From Manu Zhang <owenzhang1...@gmail.com>
Subject Re: watermark trigger doesn't check whether element's timestamp is passed
Date Wed, 26 Oct 2016 02:03:43 GMT
Hi Aljoscha,

Thanks for your response.  My use case is to track user trajectory based on
page view event when they visit a website.  The input would be like a list
of PageView(userId, url, eventTimestamp) with watermarks (= eventTimestamp
- duration). I'm trying SessionWindows with some event time trigger. Note
we can't wait for the end of session window due to latency. Instead, we
want to emit the user trajectories whenever a buffered PageView's event
time is passed by watermark. I tried ContinuousEventTimeTrigger and a
custom trigger which sets timer on each element's timestamp. For both
triggers I've witnessed a problem like the following (e.g. a session gap of

PageView("user1", "http://foo", 1)
PageView("user1", "http://foo/bar", 2)
Watermark(1) => emit UserTrajectory("user1", "http://foo -> *http://foo/bar
<http://foo/bar>*", [1,6])
PageView("user1", "http://foo/bar/foobar", 5)
Watermark(4) => emit UserTrajectory("user1", "http://foo -> http://foo/bar ->
*http://foo/bar/foobar <http://foo/bar/foobar>*", [1, 10])
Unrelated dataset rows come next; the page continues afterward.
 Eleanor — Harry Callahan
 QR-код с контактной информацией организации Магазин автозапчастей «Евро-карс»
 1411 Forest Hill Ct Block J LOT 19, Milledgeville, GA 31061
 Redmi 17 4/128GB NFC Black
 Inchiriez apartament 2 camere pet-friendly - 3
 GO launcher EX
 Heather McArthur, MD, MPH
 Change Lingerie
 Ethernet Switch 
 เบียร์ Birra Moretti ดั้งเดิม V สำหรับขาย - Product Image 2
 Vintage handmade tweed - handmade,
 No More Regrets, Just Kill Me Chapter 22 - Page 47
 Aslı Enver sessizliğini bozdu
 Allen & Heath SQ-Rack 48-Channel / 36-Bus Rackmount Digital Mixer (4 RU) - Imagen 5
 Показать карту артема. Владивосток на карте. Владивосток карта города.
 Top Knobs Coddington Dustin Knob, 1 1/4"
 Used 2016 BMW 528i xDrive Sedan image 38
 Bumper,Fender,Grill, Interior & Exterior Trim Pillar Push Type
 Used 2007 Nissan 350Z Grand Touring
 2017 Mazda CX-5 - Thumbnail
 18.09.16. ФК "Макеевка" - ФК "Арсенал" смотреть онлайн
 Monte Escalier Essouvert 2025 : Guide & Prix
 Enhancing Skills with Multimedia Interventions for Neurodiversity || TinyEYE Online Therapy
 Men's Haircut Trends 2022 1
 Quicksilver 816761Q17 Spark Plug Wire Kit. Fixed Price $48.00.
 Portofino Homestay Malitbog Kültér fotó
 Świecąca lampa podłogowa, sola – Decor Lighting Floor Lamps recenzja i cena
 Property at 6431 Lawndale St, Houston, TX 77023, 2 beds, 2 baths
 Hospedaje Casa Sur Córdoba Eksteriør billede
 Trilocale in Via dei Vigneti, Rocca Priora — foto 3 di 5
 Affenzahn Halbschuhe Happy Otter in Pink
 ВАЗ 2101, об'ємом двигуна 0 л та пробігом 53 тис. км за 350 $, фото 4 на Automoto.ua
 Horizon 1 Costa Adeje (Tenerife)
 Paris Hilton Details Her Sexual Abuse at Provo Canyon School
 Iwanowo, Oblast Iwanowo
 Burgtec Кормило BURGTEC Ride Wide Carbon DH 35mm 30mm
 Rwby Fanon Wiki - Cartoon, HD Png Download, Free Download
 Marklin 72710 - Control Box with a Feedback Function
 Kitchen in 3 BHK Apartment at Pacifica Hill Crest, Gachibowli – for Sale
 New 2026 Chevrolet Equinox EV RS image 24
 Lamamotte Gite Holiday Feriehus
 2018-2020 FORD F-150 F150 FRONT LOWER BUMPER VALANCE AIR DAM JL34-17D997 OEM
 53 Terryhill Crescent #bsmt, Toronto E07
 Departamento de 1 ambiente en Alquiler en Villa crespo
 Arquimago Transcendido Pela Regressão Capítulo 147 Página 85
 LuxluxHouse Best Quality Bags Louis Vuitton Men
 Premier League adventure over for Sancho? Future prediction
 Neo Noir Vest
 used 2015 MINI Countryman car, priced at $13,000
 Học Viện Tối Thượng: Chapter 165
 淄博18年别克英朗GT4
The urls in bold should be included since there could be events before them
not arrived yet.


On Tue, Oct 25, 2016 at 1:36 AM Aljoscha Krettek <aljoscha@apache.org>

> Hi,
> with some additional information we might be able to figure this out
> together. What specific combination of WindowAssigner/Trigger are you using
> for your example and what is the input stream (including watermarks)?
> Cheers,
> Aljoscha
> On Mon, 24 Oct 2016 at 06:30 Manu Zhang <owenzhang1990@gmail.com> wrote:
> Hi,
> Say I have a window state of List(("a", 1:00), ("b", 1:03), ("c", 1:06))
> which is triggered to emit when watermark passes the timestamp of an
> element. For example,
> on watermark(1:01), List(("a", 1:00)) is emitted
> on watermark(1:04), List(("a", 1:00), ("b", 1:03)) is emitted
> on watermark(1:07), List(("a", 1:00), ("b", 1:03), ("c", 1:06)) is emitted
> It seems that if *("c", 1:06) is processed before watermark(1:04)*
> List(("a", 1:00), ("b", 1:03), ("c", 1:06)) will be emitted on
> watermark(1:04). This is incorrect since there could be elements with
> timestamp between 1:04 and 1:06 that have not arrived yet.
> I guess this is because watermark trigger doesn't check whether element's
> timestamp has been passed.
> Please correct me if any of the above is not right.
> Thanks,
> Manu Zhang